GOAL OF THE EXERCISE
The answer should hold only the lines from the one containing "Link Chain Necklace" through the one containing "Large Christmas Drawstring" in the entries below, copied exactly, without pictures.

AVAILABLE DATA
• • • • • • •

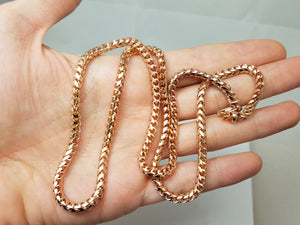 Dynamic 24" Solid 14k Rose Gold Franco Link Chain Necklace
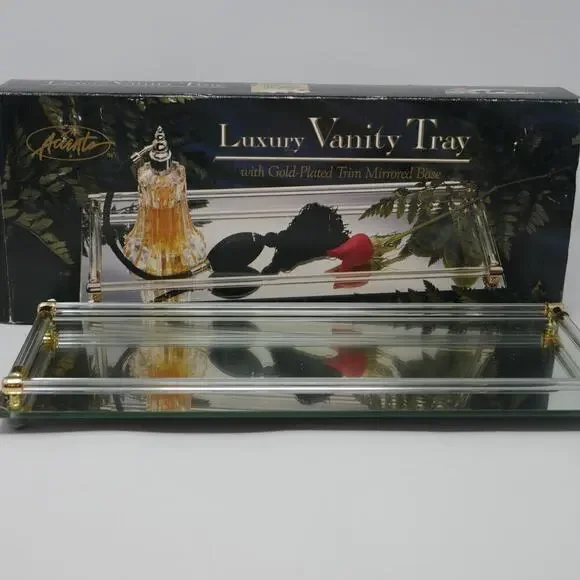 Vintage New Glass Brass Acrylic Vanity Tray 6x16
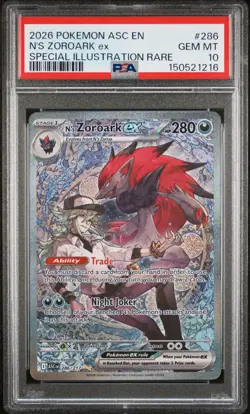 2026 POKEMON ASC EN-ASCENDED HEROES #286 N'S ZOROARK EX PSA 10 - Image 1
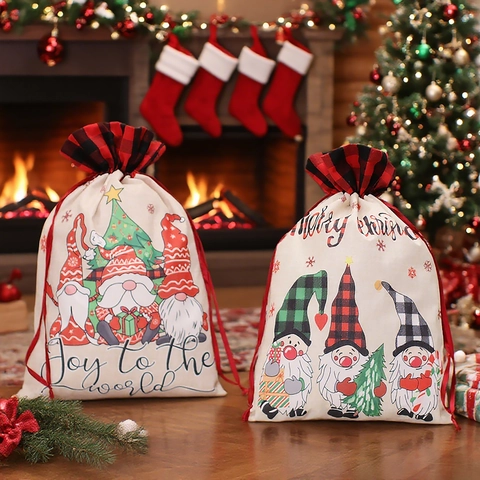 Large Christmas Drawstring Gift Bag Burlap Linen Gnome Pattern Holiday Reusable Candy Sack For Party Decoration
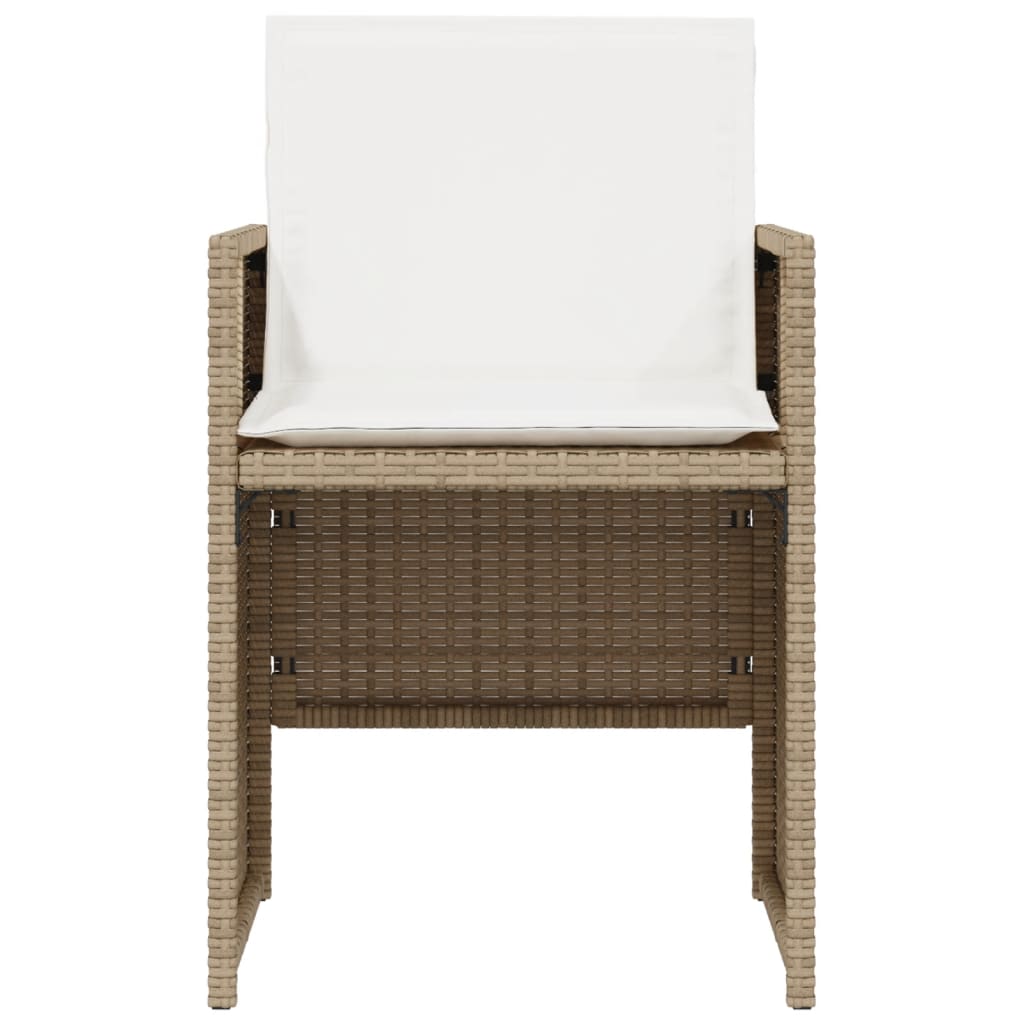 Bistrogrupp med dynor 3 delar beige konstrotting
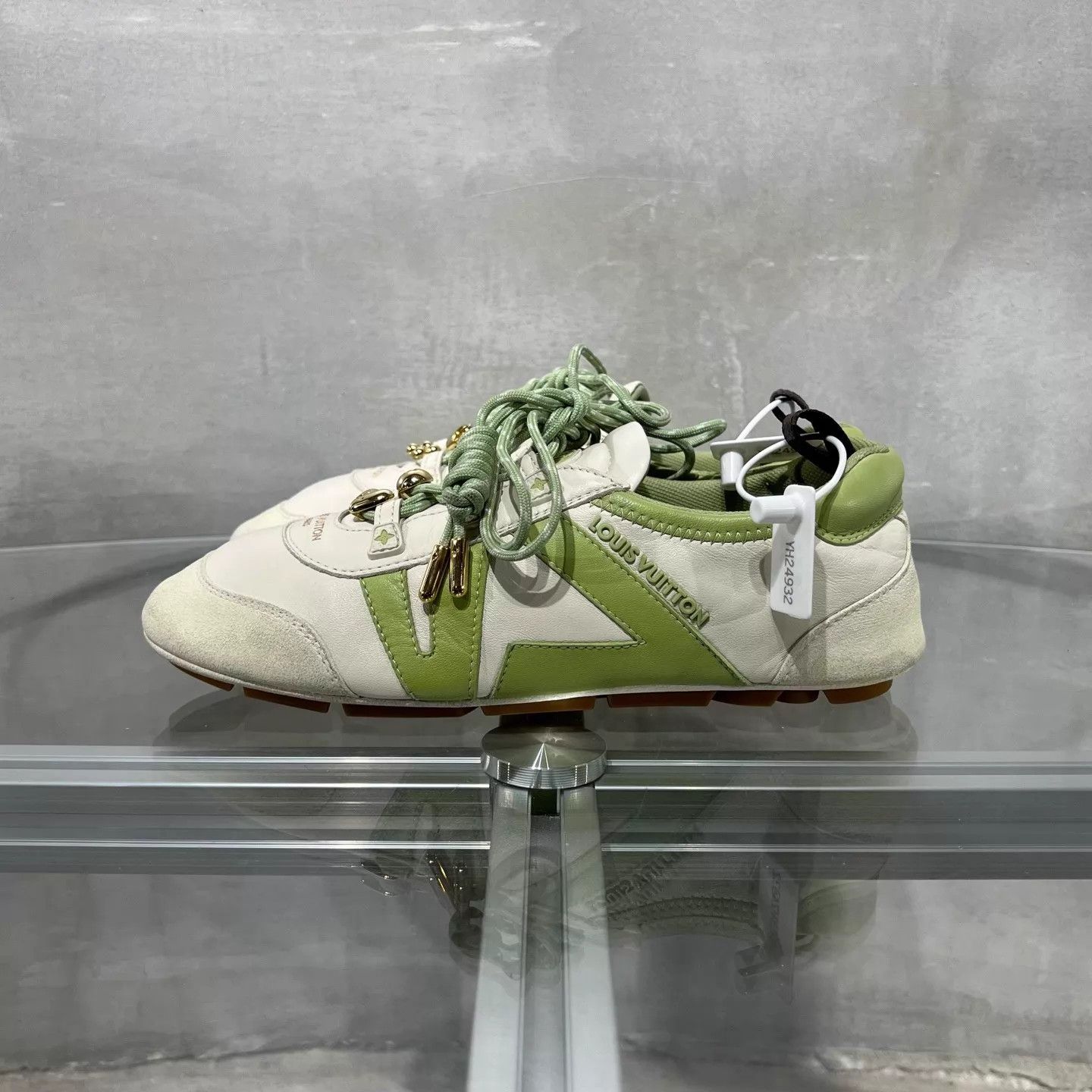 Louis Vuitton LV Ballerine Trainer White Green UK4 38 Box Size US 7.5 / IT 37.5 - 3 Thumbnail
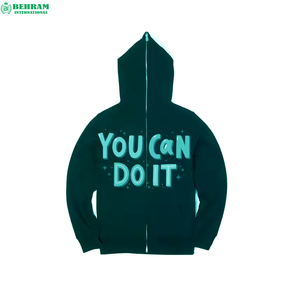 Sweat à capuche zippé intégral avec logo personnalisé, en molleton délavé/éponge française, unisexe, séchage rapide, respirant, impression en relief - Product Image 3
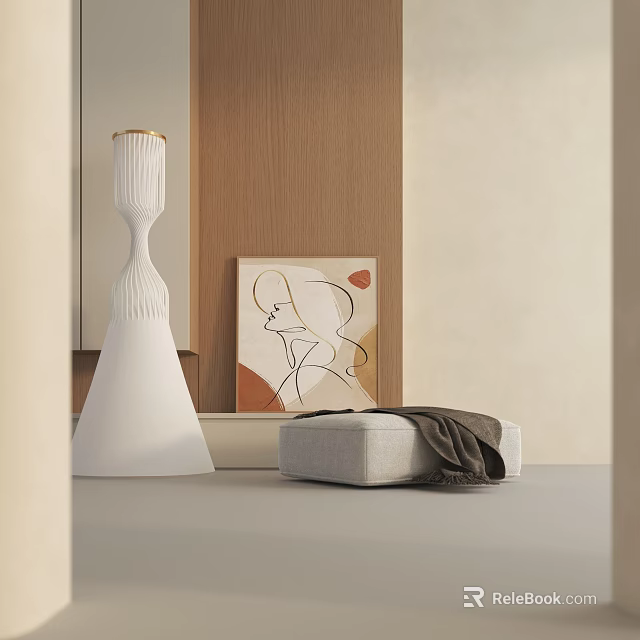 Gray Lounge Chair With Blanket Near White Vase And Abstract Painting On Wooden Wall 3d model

• • • • • • •

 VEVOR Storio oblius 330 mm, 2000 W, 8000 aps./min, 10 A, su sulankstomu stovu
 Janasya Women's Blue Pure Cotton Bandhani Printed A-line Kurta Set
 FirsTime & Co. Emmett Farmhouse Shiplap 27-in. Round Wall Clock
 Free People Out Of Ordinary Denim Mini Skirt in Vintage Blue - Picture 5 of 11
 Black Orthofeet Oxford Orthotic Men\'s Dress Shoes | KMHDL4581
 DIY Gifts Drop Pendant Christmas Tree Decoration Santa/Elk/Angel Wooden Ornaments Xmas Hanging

• • • • • • •

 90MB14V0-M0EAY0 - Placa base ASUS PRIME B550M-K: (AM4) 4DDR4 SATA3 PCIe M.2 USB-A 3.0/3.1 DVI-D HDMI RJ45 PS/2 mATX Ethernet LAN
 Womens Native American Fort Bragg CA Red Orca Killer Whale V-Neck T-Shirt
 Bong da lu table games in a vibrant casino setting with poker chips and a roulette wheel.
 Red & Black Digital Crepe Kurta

• • • • • • •

OUTPUT BELOW
 Dynamic 24" Solid 14k Rose Gold Franco Link Chain Necklace
 Vintage New Glass Brass Acrylic Vanity Tray 6x16
 2026 POKEMON ASC EN-ASCENDED HEROES #286 N'S ZOROARK EX PSA 10 - Image 1
 Large Christmas Drawstring Gift Bag Burlap Linen Gnome Pattern Holiday Reusable Candy Sack For Party Decoration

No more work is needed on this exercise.